Since the records include pictures, leave those out while you reproduce exactly and only the lines from the one containing "Joseph receives a" through the one containing "Making coffee in", inclusive.

→ Pictures with short captions
──────────

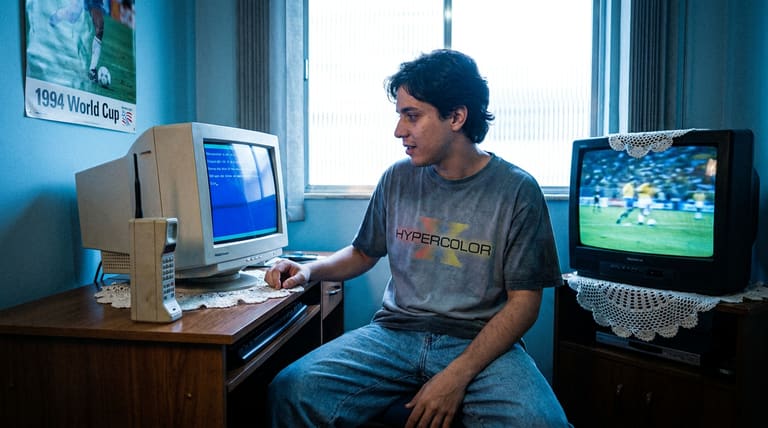 Jovem usa computador antigo de tubo ao lado de TV de tubo exibindo futebol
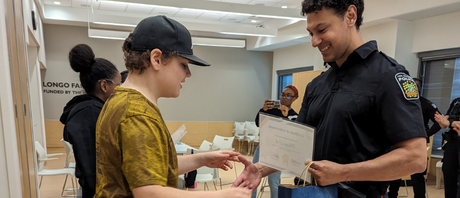 Joseph receives a certificate presented by a police officer at ErinoakKids in the Reach For It! program  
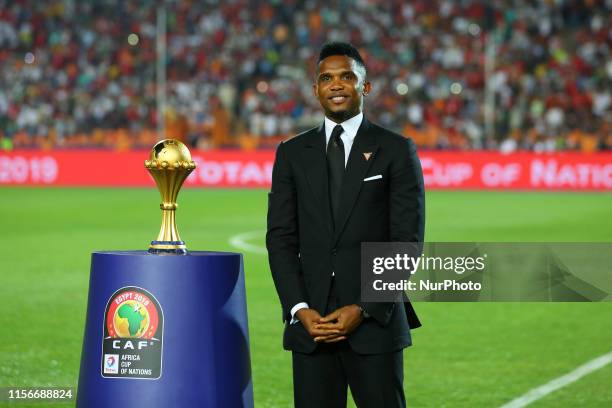 Cameroonian former footballer Samuel Eto'o holds the Africa Cup of Nations trophy prior to the start of the Africa Cup of Nations final soccer match...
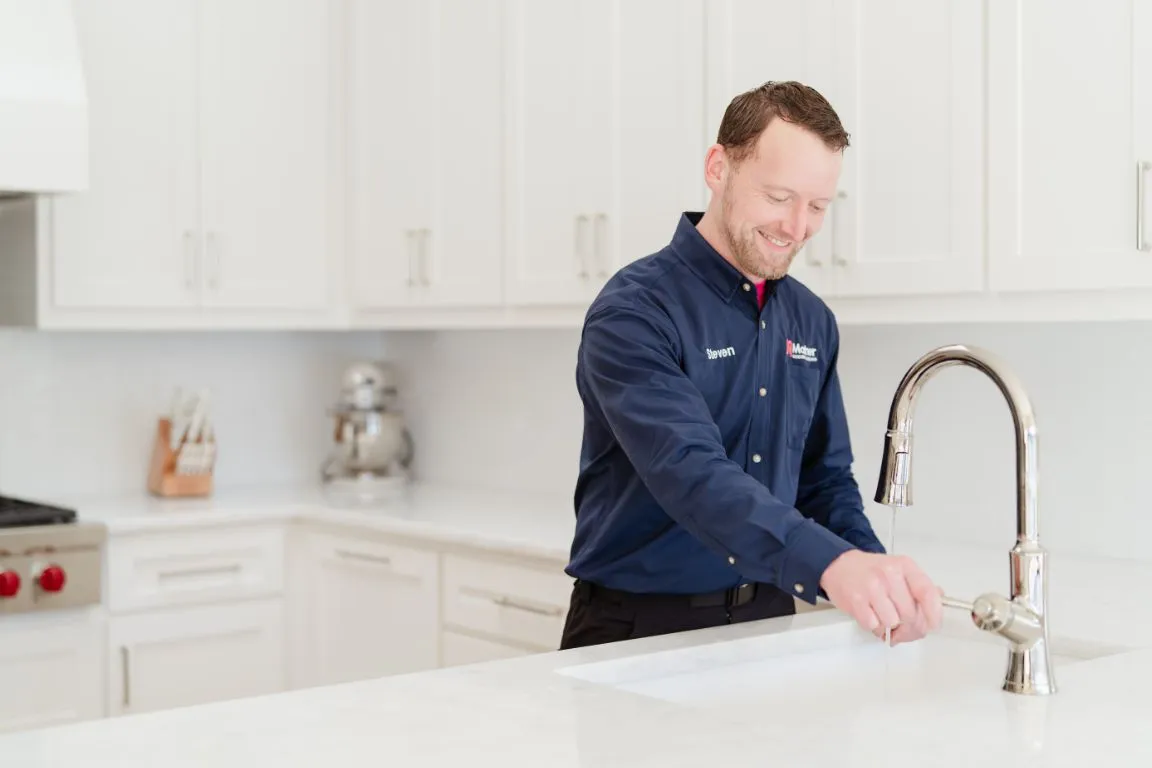 A plumber from Mother Modern Plumbing performing Faucet Installation in Arlington
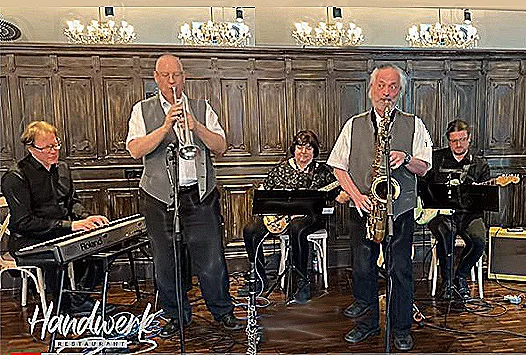 A band performs live music in a restaurant with wooden paneling.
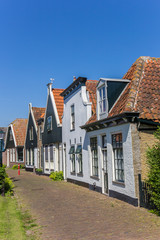 Fototapeta na wymiar Old houses in Oudeschild on Texel island, Netherlands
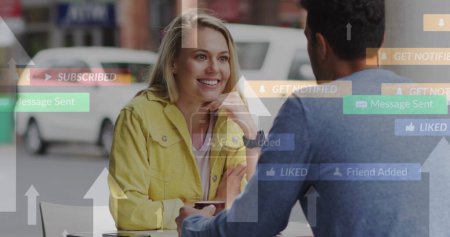 Photo for Image of social media icons floating over happy caucasian couple talking and drinking coffee. social media and communication interface concept digitally generated image. - Royalty Free Image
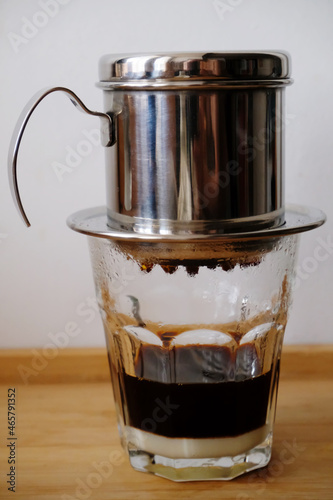 Making coffee in a Vietnamese phin with condensed milk in a glass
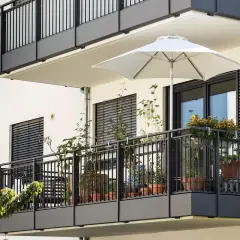 Nowoczesny balkon w bloku z roślinami w doniczkach i białym parasolem. Inspiracja, jak wykończyć balkon w bloku, by był funkcjonalny i estetyczny.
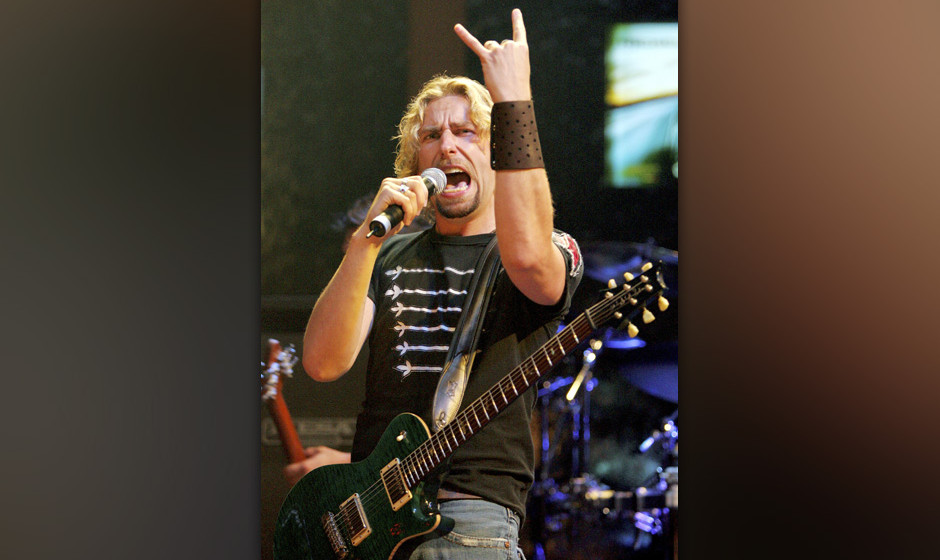 LAS VEGAS - AUGUST 25:  Nickelback frontman Chad Kroeger talks to the sold-out crowd as he performs at the Rain Nightclub ins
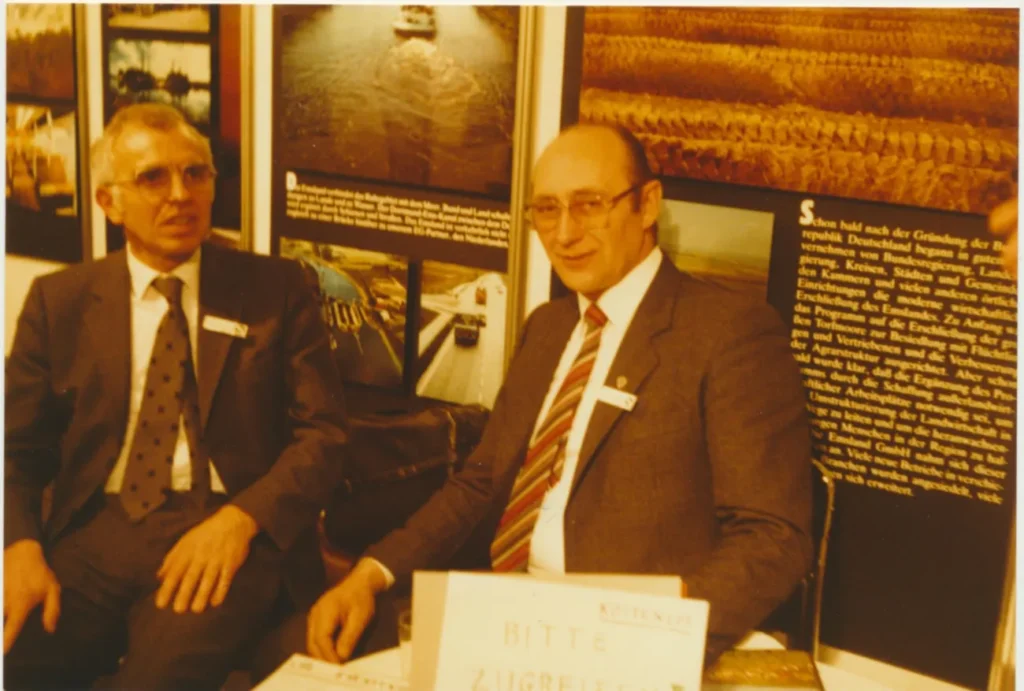 Zwei Männer in Anzügen sitzen an einem Messestand mit deutschen Informationstafeln im Hintergrund.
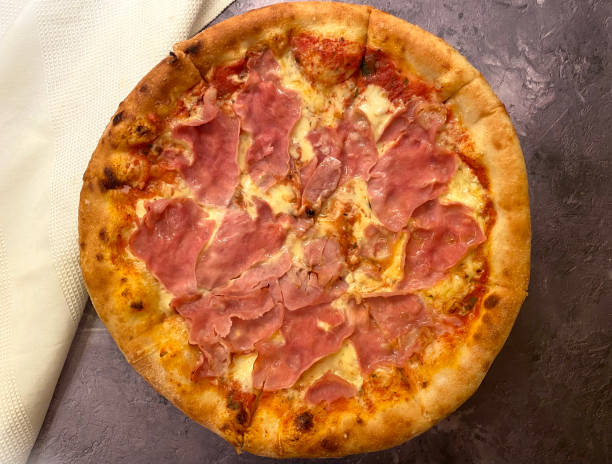 istock Ham and cheese pizza, also known as pizza cardinale with tomato sauce. 1297452297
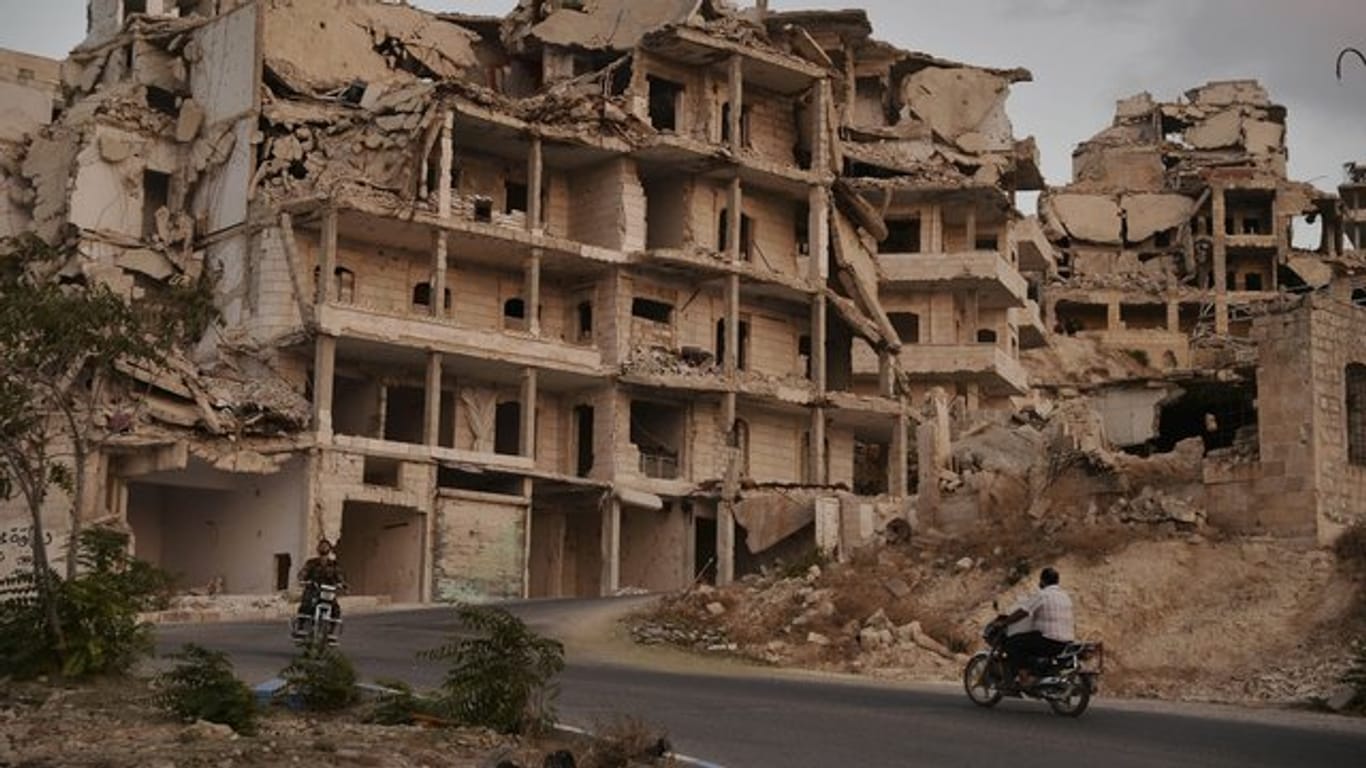 Motorräder fahren an Gebäuden vorbei, die im Zuge der Kämpfe in der Provinz Idlib zerstört wurden.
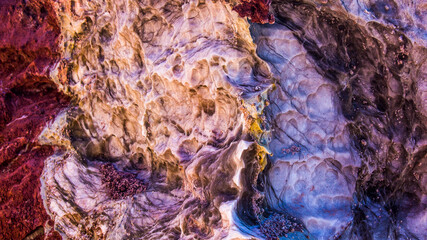 Red stones, blue sky, green water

──────────

→ Answer box
 Joseph receives a certificate presented by a police officer at ErinoakKids in the Reach For It! program  
 Cameroonian former footballer Samuel Eto'o holds the Africa Cup of Nations trophy prior to the start of the Africa Cup of Nations final soccer match...
 A plumber from Mother Modern Plumbing performing Faucet Installation in Arlington
 A band performs live music in a restaurant with wooden paneling.
 Fototapeta na wymiar Old houses in Oudeschild on Texel island, Netherlands
 Photo for Image of social media icons floating over happy caucasian couple talking and drinking coffee. social media and communication interface concept digitally generated image. - Royalty Free Image
 Making coffee in a Vietnamese phin with condensed milk in a glass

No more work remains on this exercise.